Tracing custom CUDA kernels with Nsight Systems

I work on library which is implemented in C++20 and CUDA 11. This library is called from Python via ctypes through a C API that just exchanges JSON strings. We compile it using Clang 11.

In order to profile the code I have added a lot of NVTX ranges to the C++ code. This works well for me with Nsight Systems, I can see the stack of ranges with their manually chosen names when use nsys profile -t nvtx … to gather data. This doesn't tell me anything about the GPU though. So I specify nvtx,cuda,cublas,cudnn in order to get more information.

But all I get is one of the many kernels. The output looks like this:

One can see the nice NVTX contexts, one can see the calls to the CUDA API (memcpy and the like). But there is only one kernel showing up, I have marked it with a red arrow.

We have a bunch of different kernels and launch them with the <<<>>> syntax right from the .cu files.

It feels like I am missing either a tracing flag for nsys, some compilation option for the CUDA code or some code annotations like NVTX for the kernel code. What do I have to do such that my custom kernels show up in the profile?

Solution

The issue could have been that I have not properly stopped the data gathering and our program is an interactive server which one stops with a SIGINT. Perhaps the data was not properly stored after the interrupt.

I have added calls to the profiler API in the code such that I explicitly call cudaProfilerStop() after our main loop is done.
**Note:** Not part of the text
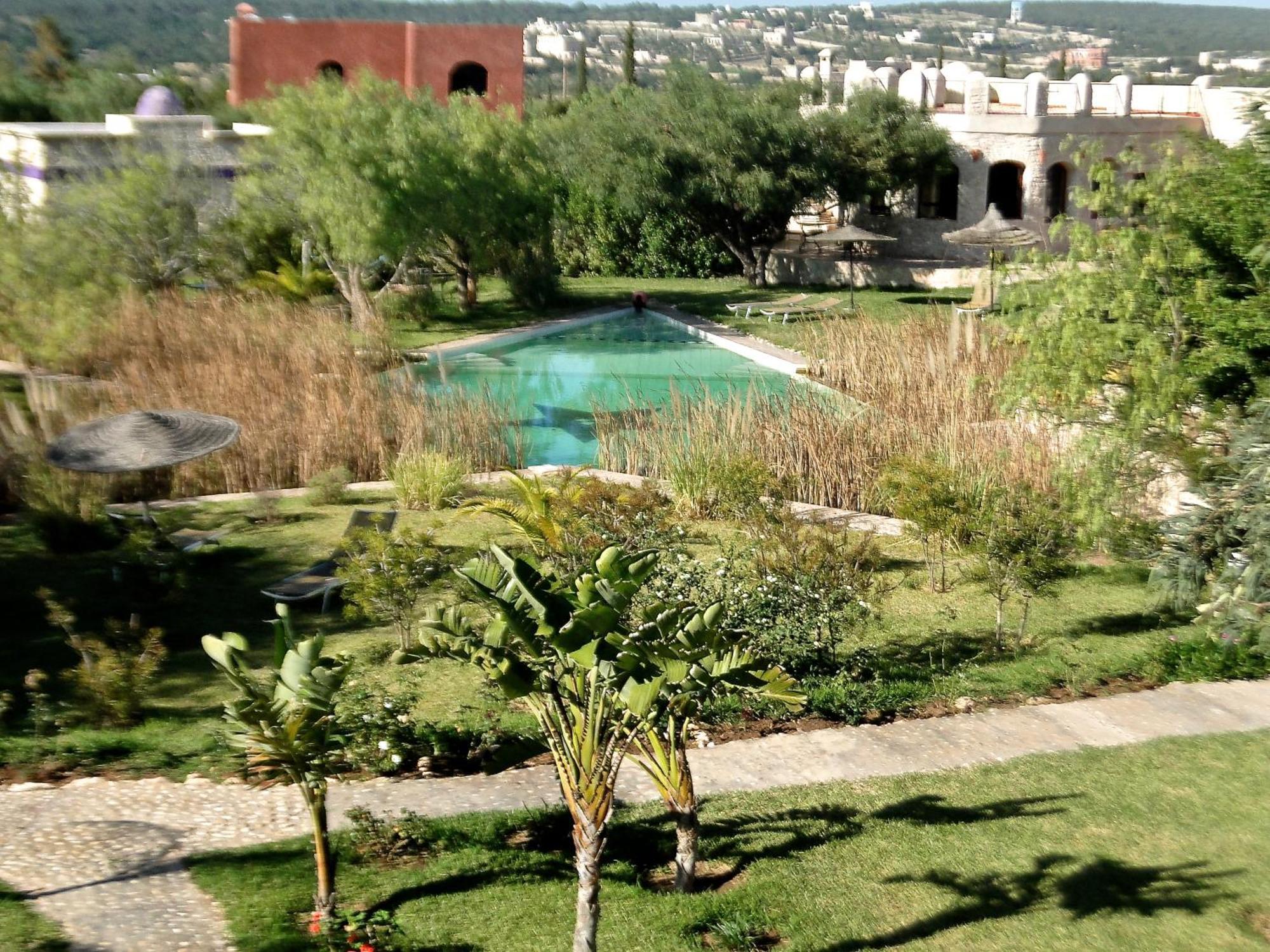 Douar Noujoum Bed & Breakfast Есувейра Екстериор снимка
I've done it with a small RAII wrapper such that it works even with SIGINT.

#include <cuda_profiler_api.h>

class ProfilingRange {
 public:
  ProfilingRange() {
    cudaProfilerStart();
  }

  ~ProfilingRange() {
    cudaProfilerStop();
  }
};

On the nsys profile command line I specify --capture-range=cudaProfilerApi and it seems to work fine. Now a lot of kernels show up, and I can learn a lot more about the system.